Wednesday, July 24, 2013

Minds and Prejudice

TODAY it has been one month since I left Madrid and even typing that out it still doesn't seem like that should be correct.  Time stops here in Kendall, Wisconsin.  It's like the minute you cross the state border line you move into this twilight zone where nothing changes and the days blur together so much so that you can't remember if you've been here for a few hours or 30 years.

That being said, being back home has been pretty nice so far.  I spent my first week in California visiting Kelsey, and Erin came out too, so we had a nice little sister's vacation.  I definitely felt the pangs of culture shock jumping so quickly from Madrid to the hustle-bustle lifestyle of Los Angeles.  The tall buildings, the need to drive everywhere, and the overall immensity of the city itself had me feeling overwhelmed and suffocated.  I just wanted everything to be slower, easier, smaller.  We spent 2 days in San Francisco, which was beautiful, but I only wished that I wasn't suffering from USA shell shock so that I could have maybe enjoyed it a little bit more.  The highlight was definitely being in town the weekend after the Supreme Court repealed Prop 8 and said bye-bye to DOMA (Defense of Marriage Act) and we sat on the San Fran courthouse steps as couple after couple went inside to celebrate their love and get married.

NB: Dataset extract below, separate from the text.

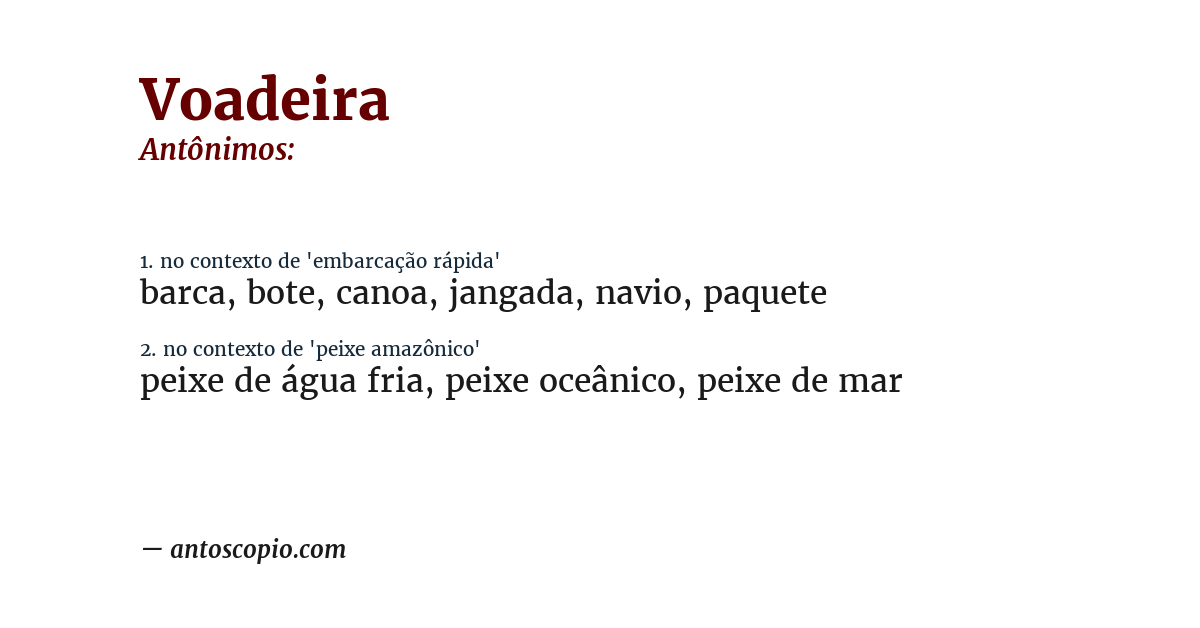 Antônimo de voadeira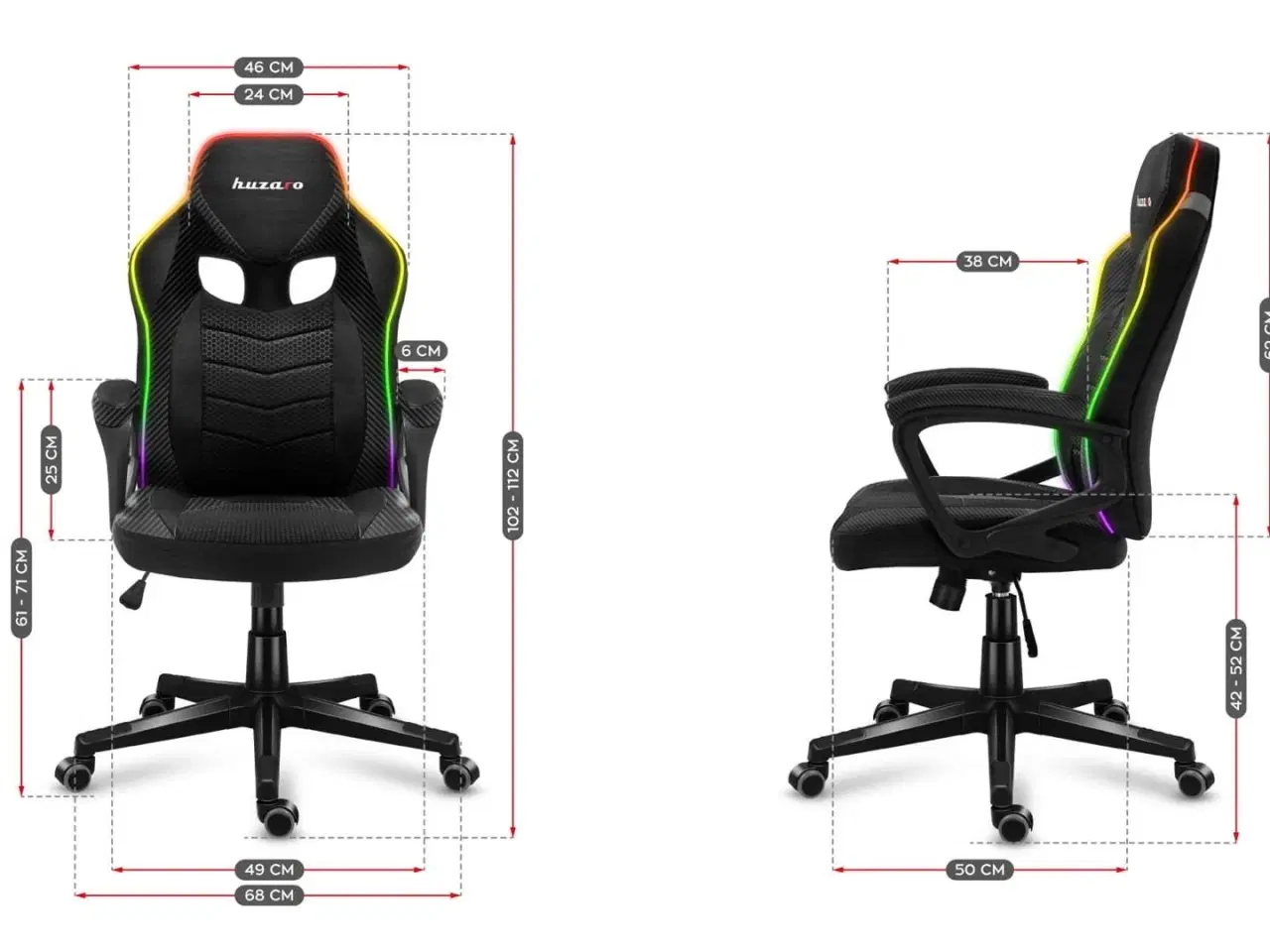 Billede 7 - Gamerstol Huzaro Force 2.5 RGB Mesh – sort/grå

After getting back to Wisconsin, there was absolutely no need to wish for slower, easier, or smaller. I definitely knew I wasn't in L.A. or Madrid anymore while I was waiting for my baggage at the Madison airport and a group of people started to form around a girl about my age who had a cat on a leash.  There were 'Ohhhs' 'Aaahhs' 'How'd it get so small!?!' and one old man even dug out his digital camera so he could get a video.  Then of course they all started a conversation and became best friends after.  And that, folks, is how you know you've arrived to the Midwest.  You can also tell by the never-ending green rolling hills and corn fields and trees surrounding you on all sides.  And the humidity.

I've always loved the view out our kitchen window
Drake enjoying the tranquility of his country life

Being away from home always makes me feel more appreciative of the things I have taken for granted, like how absolutely beautiful it is here in the summertime, or how calm small town life is (and it's not so bad for a short period of time), or how happy and free I feel when I'm reunited with my best friends, or how much I enjoy hanging out with my parents and sister.

But I've also realized that small town mentalities are something that I have the hardest time readjusting to.  I have been so lucky in my short lifetime to have been exposed to lots of different kinds of people from many different places and to have seen all that I have.  I don't think this makes me better than anyone or smarter, but it's clear after just a few conversations I've been involved in with people now that I've been back home that my mind is much more open.  My biggest struggle is knowing when it's appropriate to just keep my thoughts to myself or when it's better to say "No, this is wrong, and here are some things I've experienced that can show you why.." For the most part I say nothing because I recognize when a conversation can be a discussion and when it turns into pounding your head against a brick wall.  In the end it just solidifies my desire to see even more and to live a life free of prejudice and judgment.